Research Group/s: Transducción de Señales en Bacterias
Center, Department or Service: Universidad de Alicante. Departamento de Fisiología, Genética y Microbiología | University of Utah. Department of Human Genetics
Keywords: Phage | Translation
Knowledge Area: Genética | Microbiología
Issue Date: Apr-1998
Publisher: American Society for Microbiology
Citation: MALDONADO CARO, Rafael Diego; HERR, Alan J. “Efficiency of T4 Gene 60 Translational Bypassing”. Journal of Bacteriology. Vol. 180, No. 7 (Apr. 1998). ISSN 0021-9193, pp. 1822-1830
Abstract: Ribosomes translating bacteriophage T4 gene 60 mRNA bypass 50 noncoding nucleotides from a takeoff site at codon 46 to a landing site just upstream of codon 47. A key signal for efficient bypassing is contained within the nascent peptide synthesized prior to takeoff. Here we show that this signal is insensitive to the addition of coding information at its N terminus. In addition, analysis of amino-terminal fusions, which allow detection of all major products synthesized from the gene 60 mRNA, show that 50% of ribosomes bypass the coding gap while the rest either terminate at a UAG stop codon immediately following codon 46 or fail to resume coding. Bypassing efficiency estimates significantly lower than 50% were obtained with enzymatic reporter systems that relied on comparing test constructs to constructs with a precise excision of the gap (gap deletion).

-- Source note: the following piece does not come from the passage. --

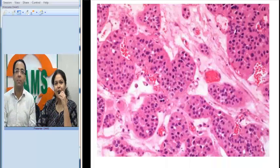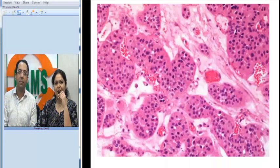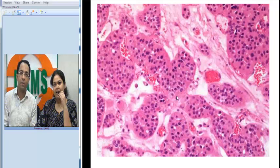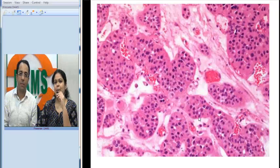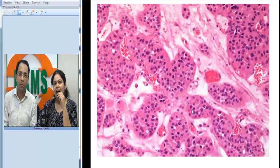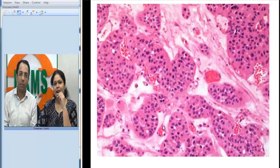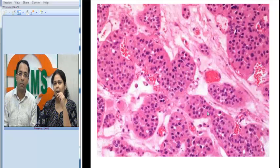On microscopy, we see nests of cells with bright pink cytoplasm. The nuclei are predominantly uniform with very fine chromatin, round nuclei, and not much atypia.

Further analysis showed that these estimates are distorted by differences between test and gap deletion functional mRNA levels. An internal translation initiation site at Met12 of gene 60 (which eliminates part of the essential nascent peptide) also distorts these estimates. Together, these results support an efficiency estimate of ~50%, less than previously reported. This estimate suggests that bypassing efficiency is determined by the competition between reading signals and release factors and gives new insight into the kinetics of bypassing signal action.
Sponsor: This work was supported by the Howard Hughes Medical Institute (via Ray Gesteland) and a grant (to John Atkins) from the NIH (RO1-GM48152-05).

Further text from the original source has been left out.